→ HOW TO COMPLETE THIS TASK: Copy out exactly the lines spanning the line with "半空栽培黑木耳,10斤鲜品精制一斤干货售30元" to the line with "Riverfront Cabin Sun Valley Area view 3", inclusive, from the data underneath, with no pictures.

(Short text fragments from websites)
***
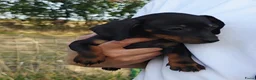 Dwergteckel honden te koop: Dwergteckel Korthaar pups België - Advertentie 23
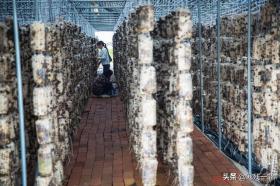 半空栽培黑木耳,10斤鲜品精制一斤干货售30元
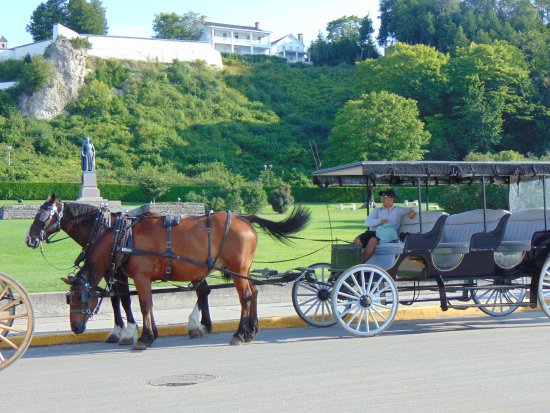 550x413 Wasn'T Lying, Horse Draw Carriage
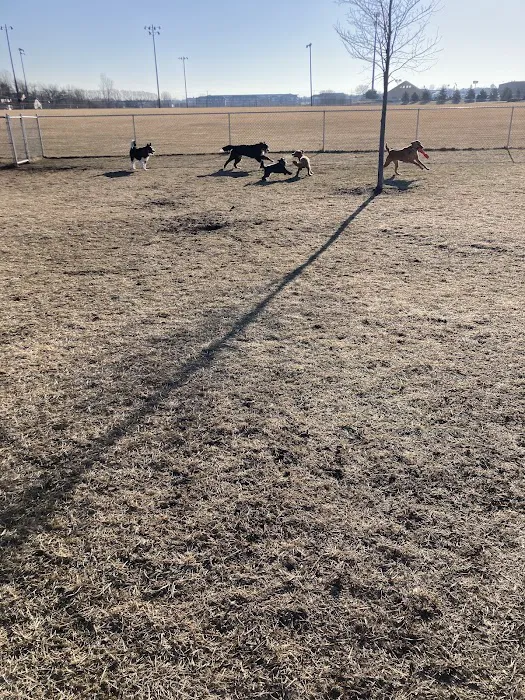 Lynch Dog Park 9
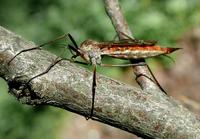 Image of: Tipula dorsimacula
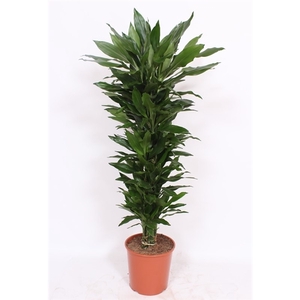 Dracaena Janet Lind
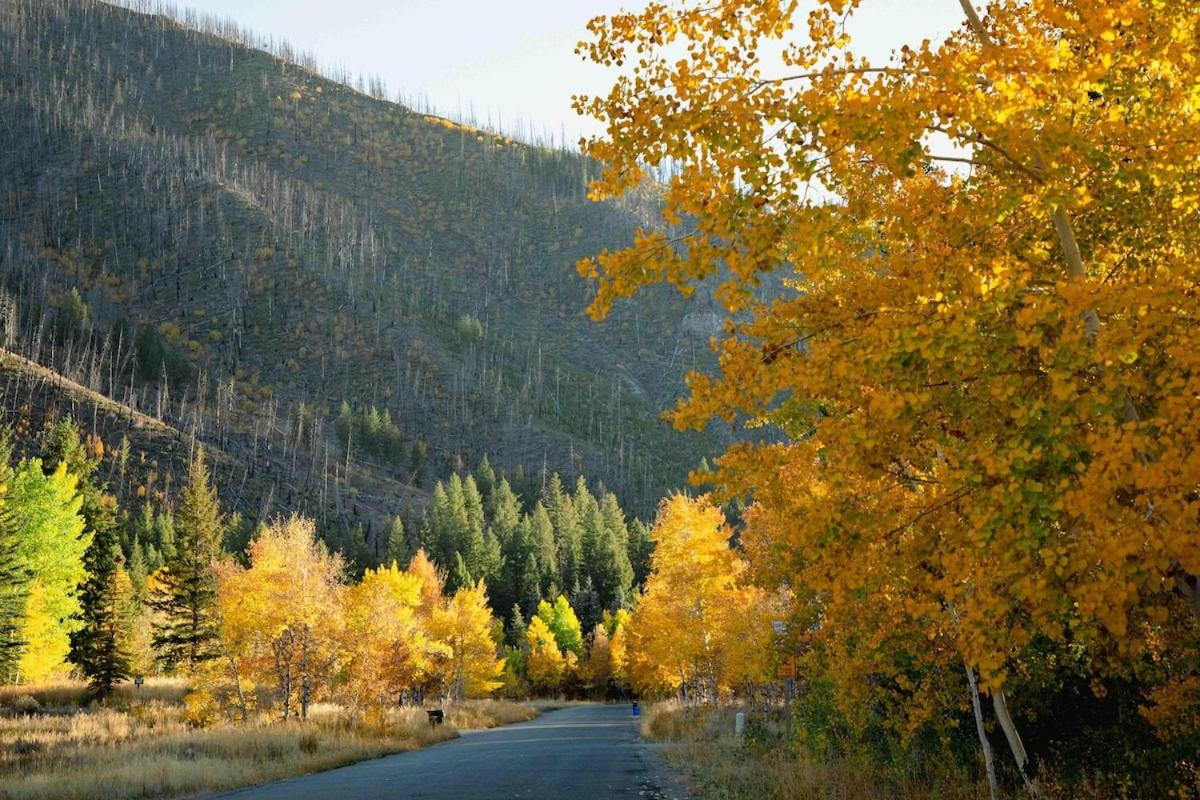 Riverfront Cabin Sun Valley Area view 3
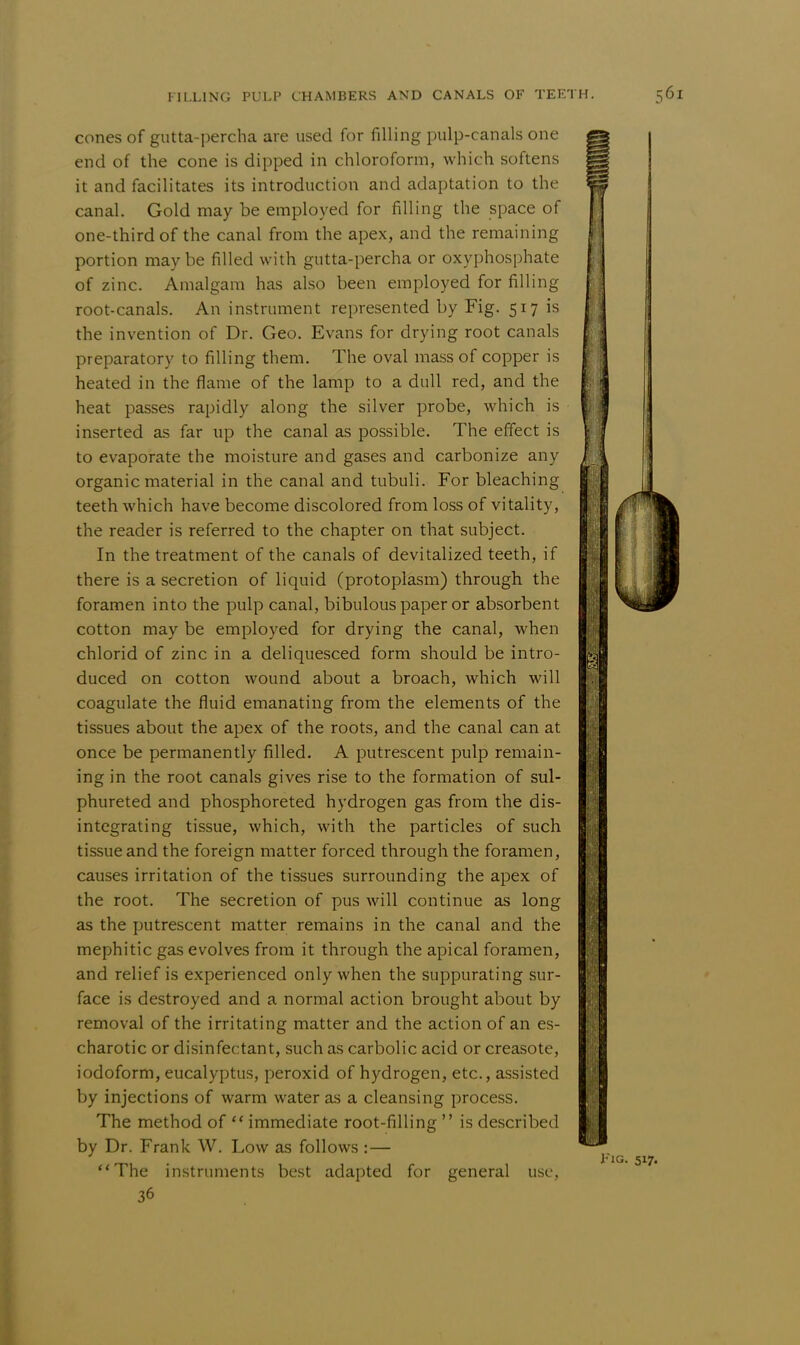 cones of gutta-percha are used for filling pulp-canals one end of the cone is dipped in chloroform, which softens it and facilitates its introduction and adaptation to the canal. Gold may be employed for filling the space of one-third of the canal from the apex, and the remaining portion maybe filled with gutta-percha or oxyphosphate of zinc. Amalgam has also been employed for filling root-canals. An instrument represented by Fig. 517 is the invention of Dr. Geo. Evans for drying root canals preparatory to filling them. The oval mass of copper is heated in the flame of the lamp to a dull red, and the heat passes rapidly along the silver probe, which is inserted as far up the canal as possible. The effect is to evaporate the moisture and gases and carbonize any organic material in the canal and tubuli. For bleaching teeth which have become discolored from loss of vitality, the reader is referred to the chapter on that subject. In the treatment of the canals of devitalized teeth, if there is a secretion of liquid (protoplasm) through the foramen into the pulp canal, bibulous paper or absorbent cotton may be employed for drying the canal, when chlorid of zinc in a deliquesced form should be intro- duced on cotton wound about a broach, which will coagulate the fluid emanating from the elements of the tissues about the apex of the roots, and the canal can at once be permanently filled. A putrescent pulp remain- ing in the root canals gives rise to the formation of sul- phureted and phosphoreted hydrogen gas from the dis- integrating tissue, which, with the particles of such tissue and the foreign matter forced through the foramen, causes irritation of the tissues surrounding the apex of the root. The secretion of pus will continue as long as the putrescent matter remains in the canal and the mephitic gas evolves from it through the apical foramen, and relief is experienced only when the suppurating sur- face is destroyed and a normal action brought about by removal of the irritating matter and the action of an es- charotic or disinfectant, such as carbolic acid or creasote, iodoform, eucalyptus, peroxid of hydrogen, etc., assisted by injections of warm water as a cleansing process. The method of 11 immediate root-filling  is described by Dr. Frank W. Low as follows : — The instruments best adapted for general use, 36 III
***
→ TASK RESPONSE:
 半空栽培黑木耳,10斤鲜品精制一斤干货售30元
 550x413 Wasn'T Lying, Horse Draw Carriage
 Lynch Dog Park 9
 Image of: Tipula dorsimacula
 Dracaena Janet Lind
 Riverfront Cabin Sun Valley Area view 3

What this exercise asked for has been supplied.